Ada banyak permainan yang mengangkat tema atau terinspirasi dari kejadian bersejarah, namun mungkin tak ada yang menyajikannya seunik Assassin’s Creed. Dalam meramu seri ini, Ubisoft memadukan elemen sejarah bersama latar belakang sci-fi, lalu mengemasnya sebagai permainan action-adventure open world yang mudah dinikmati oleh semua kalangan gamer.
Para penggemar terberatnya mungkin akan berargumen bahwa Assassin’s Creed II dan Assassin’s Creed IV: Black Flag merupakan game terbaik di franchise ini. Namun meski saya tidak terlalu mengikutinya, saya tidak akan sungkan-sungkan merekomendasikan Assassin’s Creed Origins bagi Anda yang menyukai sejarah kebudayaan kuno, khususnya di wilayah Mesir pada era Ptolemaic (tahun 49-47 sebelum Masehi).
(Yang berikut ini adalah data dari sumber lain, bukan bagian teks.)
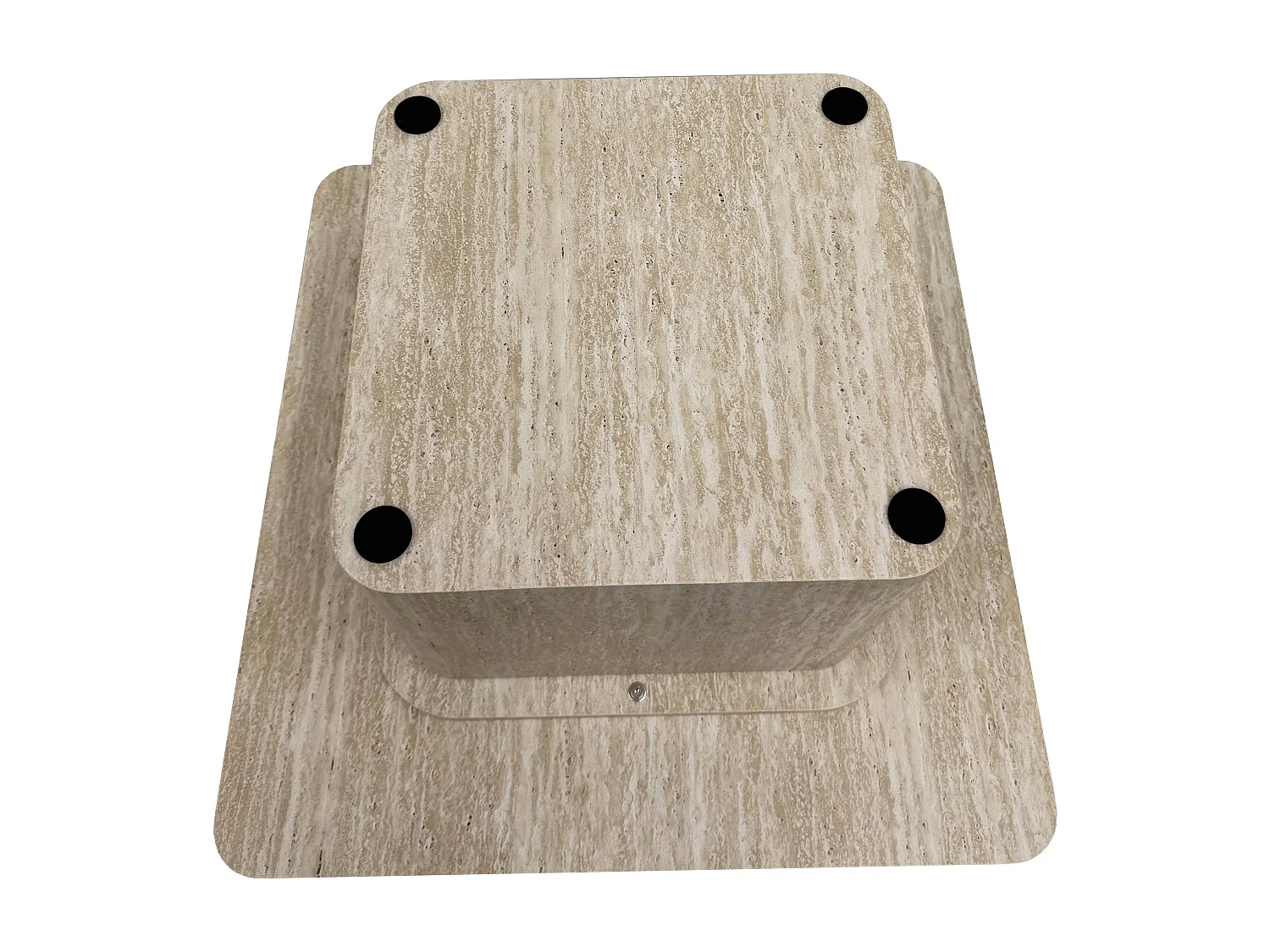 Table basse carrée 80 cm aspect naturel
Bahkan jika tidak terlalu familier dengan periode ini, Origins berpeluang untuk memukau Anda lewat aspek visual dan konten. Tak hanya Ubisoft berhasil menciptakan dunia yang indah, daratan kuno itu juga dihuni oleh ekosistem yang benar-benar hidup: pusat kota dan pasar terlihat begitu sibuk, orang-orang tampak fokus pada aktivitasnya. Lalu saat mengunjungi alam liar, tak jarang Anda akan menyaksikan kawanan macan tutul memburu kelompok rusa.
Ubisoft Montreal menjelaskan bahwa riset yang dilakukan untuk membangun dunia tersebut menghabiskan waktu bertahun-tahun. Mereka mengombinasikan beragam metode penelitian, dari mulai mempelajari ensiklopedia, buku, film, hingga merekrut pakar sejarah Mesir ke dalam tim pengembangan. Tetapi sudah pasti developer punya ketentuan yang harus dipenuhi: mereka ingin karakter-karakter penting seperti Cleopatra dan Caesar muncul di sana.
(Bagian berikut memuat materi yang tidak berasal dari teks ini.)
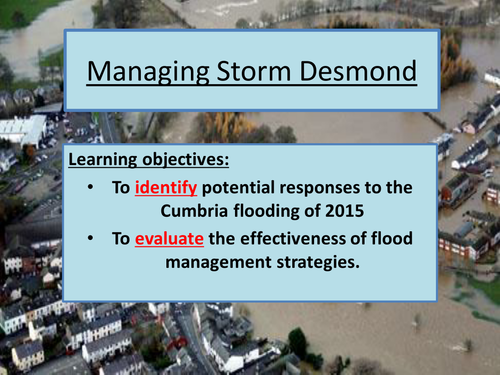 AQA new spec Geography GCSE, UK Weather, Responding to Storm Desmond 2015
Satu hal yang saya sangat apresiasi adalah kepiawaian Ubisoft merekonstruksi bangunan-bangunan bersejarah seperti Piramida hingga kota Alexandria. Tiap bangunan dibuat ulang dengan begitu indah dan realistis, sehingga betul-betul membawa Anda kembali ke era kuno. Di Alexandria misalnya, kota ini terbagi dalam distrik berbeda, ada yang dihuni oleh penduduk Mesir asli dan juga warga Yunani. Lalu jika Anda tidak terlalu buru-buru, silakan nikmati pertunjukan drama di amphitheatre.
Beberapa aspek di sana juga segera memicu saya untuk mencari tahu lebih jauh: Siapa itu Ptolemy XIII yang membuat Mesir jadi berantakan? Apa sebetulnya peran Medjay? Kemudian apa latar belakang dibangunnya Piramida di Giza? Area Giza sendiri merupakan salah satu wilayah paling ikonis di game, dan Anda tentu saja dipersilakan menjelajahi isi Piramid hingga menguak rahasia Sphinx.
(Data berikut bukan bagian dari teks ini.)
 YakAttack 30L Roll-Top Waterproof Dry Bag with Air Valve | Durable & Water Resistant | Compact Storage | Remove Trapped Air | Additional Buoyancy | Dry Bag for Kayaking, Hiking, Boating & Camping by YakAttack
Ubisoft berhasil melebur elemen fakta dengan fiksi begitu mulus sehingga eksplorasi terasa mengagumkan. Bahkan walaupun Anda tahu Piramida tersebut tidak dihuni oleh manusia (kecuali beberapa jasad yang bersemayam di sana), ancaman kutukan Firaun di hieroglyph dalam ruang yang cuma diterangi cahaya obor terasa menakutkan.
Dilihat dari aspek gameplay, desain permainan (bukan ‘desain dunia game’) Assassin’s Creed Origins memang belum menyamai kelas judul open world besar lain seperti The Witcher 3. Untuk berjelajah, Anda harus menyelesaikan sesi intro terlebih dahulu, lalu tiap area juga baru nyaman dijelajahi jika Bayek – tokoh utama game ini – telah mencapai level tertentu. Hal tersebut membatasi proses eksplorasi.
Namun kekurangan ini tak jadi masalah besar jika edukasi menjadi perhatian utama Anda. Di bulan September lalu, Ubisoft sempat mengungkap rencana untuk membubuhkan mode pembelajaran di Assassin’s Creed Origins, berjudul Discovery Tour. Mode ini sama sekali tidak menyajikan pertempuran, gunanya ialah mengubah permainan jadi satu museum hidup yang interaktif. Di sana Anda bisa mengkaji beragam ilmu seperti proses mumifikasi hingga riwayat hidup Cleopatra.
Discovery Tour rencananya akan dibagikan secara gratis untuk seluruh pemilik Assassin’s Creed Origins, atau dapat dibeli terpisah via Steam atau Uplay seharga US$ 20, akan meluncur pada tanggal 20 Februari 2018.